Plusieurs entreprises s’attèlent à structurer la filière de collecte et de valorisation, indirectement, comme Tryon, ou directement auprès des restaurateurs, comme Moulinot qui s’est spécialisée dans l’accompagnement au tri et la collecte. Des partenariats avec des agriculteurs méthaniseurs permettent de boucler la boucle. « Nous voulons mettre les bons outils au bon endroit. Et montrer aux restaurateurs que trier les déchets n’amène pas du travail en plus », souligne Stephan Martinez, président-fondateur de l’entreprise. Après Paris et Réau (77), le service sera disponible dans les régions de Bordeaux (33) et d’Angers (49). Des composteurs de grande capacité, le plus souvent 1.000 litres, sont également une solution pour les restaurants établis en ruralité. Pour autant, une phase de collecte est tout de même nécessaire à la fin du processus de transformation.

Un besoin de clarté

« A mon sens, les restaurateurs seront parmi les derniers à s’y mettre, estime Sébastien Gacougnolle, cofondateur de Tryon Environnement. L’entreprise implante des micros unités de méthanisation, au plus près des sources de production des déchets.

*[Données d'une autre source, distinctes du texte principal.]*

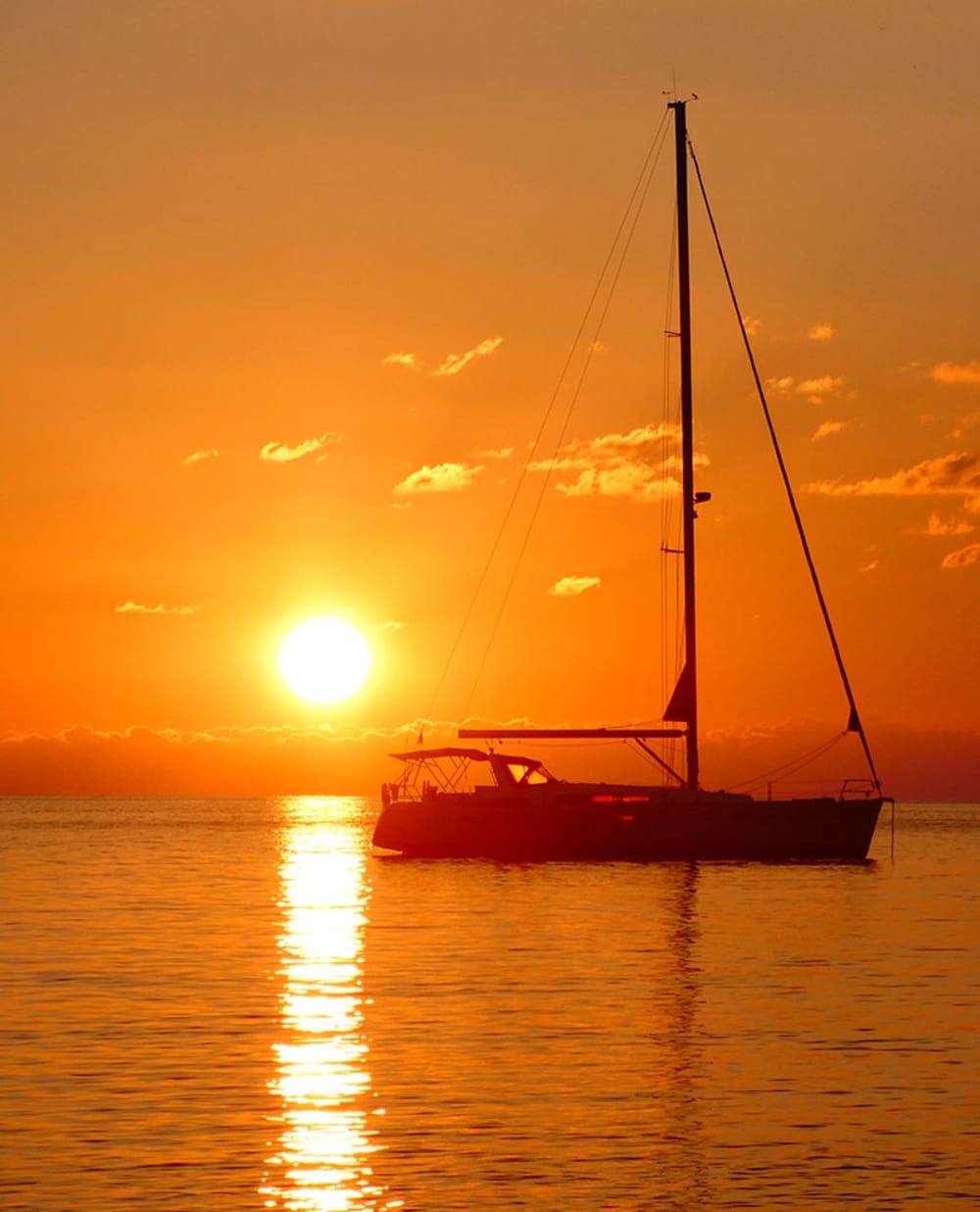 Sailing into Sunset: Μια εκλεπτυσμένη βραδινή κρουαζιέρα από τη Νάξο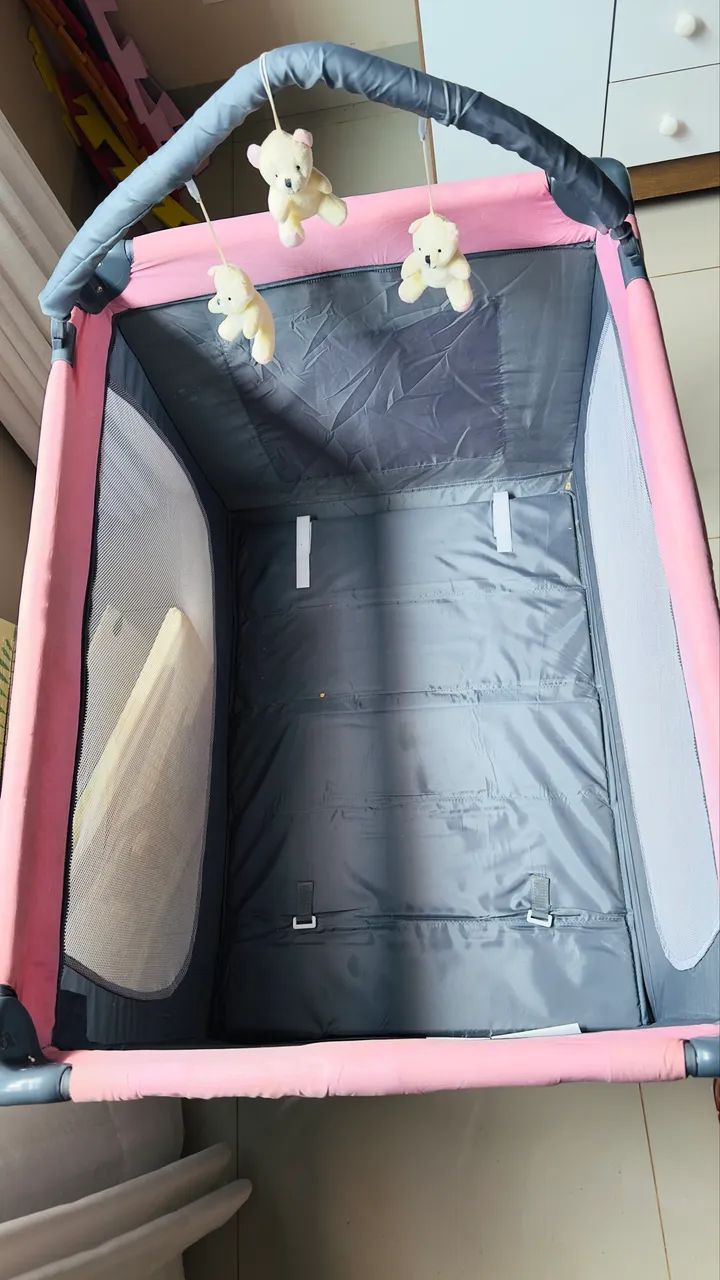  BERÇO PORTÁTIL COM MÓBILE - R$ 180,00 - Foto 2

Les petits commerces se trouvent dans un entre-deux et la question se pose toujours de savoir qui doit payer : la collectivité ou le commerce lui-même ? » Les restaurants indépendants, considérés comme des petits producteurs de déchets, sont le plus souvent assujettis à la taxe des ordures ménagères. L’enlèvement de leurs déchets dépend des collectivités. Pour autant, les dispositifs qui seront mis en place par les collectivités pour assurer la collecte des déchets alimentaires ne sont pas forcément compatibles avec le quotidien d’un restaurateur. « Dans le cas d’un apport volontaire à des bornes, comme cela est prévu dans certaines communes, cela crée des contraintes supplémentaires de déplacement et engendre des risques potentiellement plus importants, en terme de pénibilité ou d’accidentologie », note Ludovic Poyau, de l’Umih.
Pourtant, l’intérêt pour le sujet semble de mise chez les professionnels des CHR. Le GHR avait initié une expérimentation, en 2014, auprès de 80 restaurateurs parisiens volontaires pour trier et faire collecter leurs biodéchets. « Les résultats ont été au-delà de nos espérances, témoigne Rachel Bouvard, directrice RSE du GHR. C’est encourageant lorsqu’on sait que sur 2,5 tonnes de déchets produits par les métiers de bouche, 50 % sont issus de la restauration. » Actuellement, seuls 10 % du gisement sont triés.